I’ve talked a lot about brainstorming and research lately but of course that’s not the whole game is it. So, now I want to talk to you about accountability. About goal setting and creating action plans.
I deeply believe that combined well, these things are key to your success.
There’s a lot of buzz around right now about accountability, I think it’s easy to appreciate that a lot of people feel it’s something that coaches coined in order to give you another reason to work with them however, I’m not one of them.
For me, I believe that most people buy any kind of course etc. exactly because they believe that they need that accountability to push themselves forward and they’re not wrong.
Developing your strategies yourself and teaching yourself new skills is absolutely doable when you’re motivated or inspired but the reason coaches mention accountability a lot in their marketing is because using a coach or a trainer is about being directed when you don’t know how to decipher the direction yourself. It’s about having someone hold you accountable for the things you say you need to do, learn or start and accountability supports motivation.
That being said, and I know people say ‘start before you’re ready’, I don’t believe that you should risk your financial future on a coach until you know you’re in a good place, the place where you are self disciplined enough to do the work.
Whether you’re flying solo or you’re working with a coach of some description you should definitely start setting yourself some goals and creating actionable steps.
Setting goals at the beginning of your journey/regular work sessions even if you have a trainer/coach is really important. It helps you know what you plan to work on in that scheduled time.
As mentioned in previous posts and generally across my socials (follow me on Instagram here) you should know why you want to achieve those goals and how achieving them will look in your business.
It also means that you will have a new kind of awareness about your goals between sessions too, that additional awareness is the pocket rocket of momentum because you will continue to learn and grow and have an eye for opportunities surrounding that task/area that you want to focus on.
This is how you move forward and get to that magical place called ‘the outcome’.
One of the things I like about setting goals and creating action plans and then regularly revisiting them is that you not only have this focus but you can also assess anything that has been a barrier to that process which means that you can be more flexible.

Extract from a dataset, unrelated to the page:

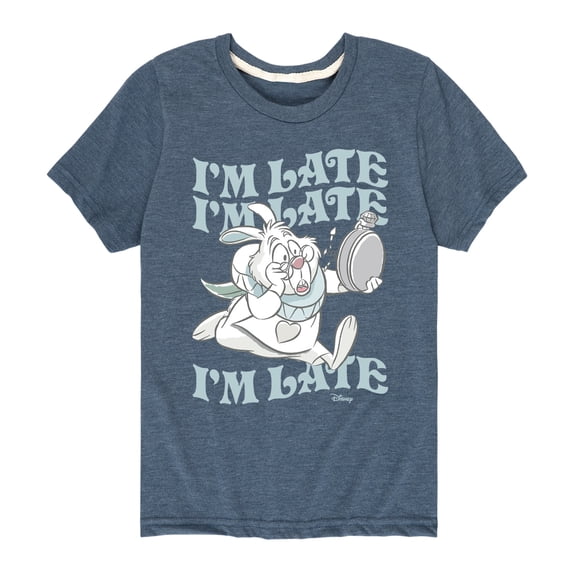 Alice in Wonderland - I'm Late White Rabbit - Youth Boys Short Sleeve Graphic T-Shirt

Goal setting and action plans are quite literally the route you create to get from A (where you’re at now) to B (your desired destination). It’s really important to remember that there will be barriers, stumbling blocks and diversions along the way that you will never have been able to account for before setting out. These are not necessarily signs to give up but do require you allow your path a level of flexibility that isn’t always easy to come by naturally.
Review and be flexible
It’s much easier to be flexible if you work on a monthly or weekly review basis. If you don’t you can feel blindsided and burnt out. Review sessions are a great way to monitor and adjust and also celebrate any of the ‘mini goals’ or ‘milestones’ that you reach along the way. This is great for your motivation.
And of course, it doesn’t have to just be business goals either. I find that personal growth is essential to business growth, working on your personal life alongside your business will pay dividends back in the long run. Trust me, a decade ago I was a single mum, living in temporary accommodation and unable to eat on a regular basis. Now I own my own business, home and have a loving and respectful relationship with a wonderful man.
Working on yourself will help your business.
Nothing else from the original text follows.